Daniel s’en est allé ! Le monde des meetings est en deuil et le Morane est orphelin ! Daniel Koblet, pilote et mécanicien suisse, était l’homme du MS 406 ou plutôt de sa version helvétique, le D 3801 le dernier au monde en état de vol, qu’il chérissait.
Daniel nous a quittés en ce mardi 14 janvier, à la suite d’une courte mais fulgurante atteinte pulmonaire qui ne lui a laissé aucune chance… il avait 60 ans. Né dans une famille d’aviateurs depuis deux générations, Daniel dès 17 ans, s’essaya au vol à voile sur l’aérodrome de Bex, initié par son grand-père qui fonda le club vélivole de Winthertür (Suisse Alémanique), non loin de Zürich. Doué aux commandes et avec un sens inné de l’aérologie, il s’inscrivit et participa rapidement aux compétitions régionales avec un certain succès. Mais pratiquer l’aviation seulement pour ses loisirs ne lui suffisait pas, il allait en faire sa vie et son métier ! Adroit et curieux des choses mécaniques, il sera mécanicien. Chez Pilatus tout d’abord, le célèbre avionneur, où il apprend le métier dans ses plus intimes retranchements. Dès qu’il pose ses outils, il s’installe au manche des avions les plus divers… Les machines anciennes le passionnent surtout, moins sophistiquées que les avions modernes, il peut y exercer ses talents de mécanicien, un métier dans lequel il excelle désormais. De là à prendre les commandes de ces appareils convalescents pour effectuer essais et réglages, il n’y a qu’un pas, que Daniel franchit le plus souvent, avec délectation…
Son pilotage s’affine dans le même temps que sa notoriété auprès des collectionneurs grandit. Il devient au fil du temps le spécialiste reconnu dans le monde de l’aviation ancienne, une réputation qui dépasse les frontières puisque Aérorétro, association Drômoise, l’emploie fréquemment lorsqu’il s’agit de travaux délicats. C’est ainsi qu’il travaille notamment à la remise en état de vol du P51 Mustang « Jumpin’Jacques », qui fit les beaux jours de l’association basée à Saint Rambert d’Albon, pendant quelques années. Tout d’abord implanté sur le terrain d’Yverdon, Daniel fonde Mobile Air Service, son propre atelier, qu’il déplace en 1986 sur l’aérodrome de Bex, tout proche de chez lui. Toutes les spécialités indispensables à la restauration de machines anciennes y sont exercées et les travaux de tôlerie, chaudronnerie, soudure menuiserie, entoilage, sellerie, électricité et hydraulique, rythment le quotidien.

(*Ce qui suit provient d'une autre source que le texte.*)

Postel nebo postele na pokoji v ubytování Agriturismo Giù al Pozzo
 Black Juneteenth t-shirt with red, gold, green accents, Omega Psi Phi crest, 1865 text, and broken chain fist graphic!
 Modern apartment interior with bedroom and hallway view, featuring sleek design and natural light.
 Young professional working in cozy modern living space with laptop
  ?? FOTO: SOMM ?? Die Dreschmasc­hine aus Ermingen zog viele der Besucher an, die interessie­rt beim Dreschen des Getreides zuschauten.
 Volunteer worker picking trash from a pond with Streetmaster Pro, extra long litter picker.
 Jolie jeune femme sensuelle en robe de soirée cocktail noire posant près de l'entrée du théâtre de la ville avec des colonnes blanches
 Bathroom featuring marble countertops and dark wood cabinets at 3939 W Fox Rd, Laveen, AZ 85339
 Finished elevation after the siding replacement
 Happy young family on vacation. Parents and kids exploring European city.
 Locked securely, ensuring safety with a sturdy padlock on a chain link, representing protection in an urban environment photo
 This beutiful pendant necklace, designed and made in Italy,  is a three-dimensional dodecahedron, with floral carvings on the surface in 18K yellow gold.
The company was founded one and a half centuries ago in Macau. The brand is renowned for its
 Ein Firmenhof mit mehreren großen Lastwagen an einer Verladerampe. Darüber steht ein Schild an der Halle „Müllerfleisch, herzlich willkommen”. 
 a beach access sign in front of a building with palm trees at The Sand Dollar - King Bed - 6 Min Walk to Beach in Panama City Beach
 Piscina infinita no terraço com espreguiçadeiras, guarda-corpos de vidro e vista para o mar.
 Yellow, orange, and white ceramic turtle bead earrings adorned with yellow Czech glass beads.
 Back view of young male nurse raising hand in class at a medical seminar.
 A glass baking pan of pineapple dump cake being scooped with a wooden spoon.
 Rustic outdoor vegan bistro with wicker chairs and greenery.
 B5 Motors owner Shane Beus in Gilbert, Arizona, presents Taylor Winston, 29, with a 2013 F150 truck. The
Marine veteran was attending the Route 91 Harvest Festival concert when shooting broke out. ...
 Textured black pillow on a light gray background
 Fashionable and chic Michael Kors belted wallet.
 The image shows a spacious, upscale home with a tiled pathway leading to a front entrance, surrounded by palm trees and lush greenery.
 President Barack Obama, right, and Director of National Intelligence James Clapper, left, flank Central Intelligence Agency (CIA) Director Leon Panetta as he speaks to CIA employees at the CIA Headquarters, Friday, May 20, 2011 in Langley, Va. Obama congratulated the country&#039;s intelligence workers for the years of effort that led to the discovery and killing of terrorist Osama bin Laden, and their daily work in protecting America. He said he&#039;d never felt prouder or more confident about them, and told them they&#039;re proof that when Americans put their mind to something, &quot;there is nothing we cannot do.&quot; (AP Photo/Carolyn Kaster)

Si ce quotidien justement lui permet de « faire bouillir la marmite », c’est à l’aventure débutée, il y a maintenant 20 ans avec la remise en vol du dernier Morane 406 que son nom sera définitivement associé. Reconstruit à grands frais et plus de 10 000 heures de travail par un passionné, à partir de 3 cellules différentes et autres morceaux de Morane 406 (en réalité des D-3800 et D3801 construits sous licence en Suisse par l’usine EKW en 1942), cette épopée pourtant menée par des orfèvres, ne pourra aboutir faute de moyens et l’avion inexploitable en l’état. Il sera vendu à un médecin pilote originaire de Lausanne qui compte bien venir à bout de ce challenge en créant l’Association Charlie Fox, destinée à terminer l’ouvrage et refaire voler la machine. Daniel sera l’homme de la situation et sur la table d’opération de Mobile Air Service, il ressuscitera ce dernier représentant de l’avion emblématique de la Bataille de France…
Ainsi depuis le tout début des années 2000, alors que nous entrions dans le second millénaire, un appareil mythique du siècle précédent ; le MS 406/D-3801 HB – RCF , tout d’abord décoré aux couleurs d’un avion d’un escadron français et piloté de main de maître et tout en douceur, dans l’intime et plus profond respect de la mécanique, par celui qui lui a redonné vie, fait le bonheur des organisateurs de meetings en Europe.
Mais Daniel n’était pas qu’un excellent pilote et un mécanicien de génie, il était homme de convictions, de savoir et de valeurs, peu avare de transmission de sa culture aéronautique et de sa pratique du pilotage. Expert auprès de l’Office Fédéral de l’Aviation Civile Suisse (équivalent de la DGAC Française), il était régulièrement consulté pour des dossiers techniques.
Discret et parfois bourru dans l’approche de son prochain, volontiers goguenard aussi envers ceux qui ont pour pratique « d’étaler leur science » dans le but d’exister, il était aussi celui pour qui le culte de l’amitié n’était pas un vain mot. Tous les amis qui l’ont accompagné lors de la cérémonie d’adieu, le vendredi 17 janvier dernier, le lui rendaient bien.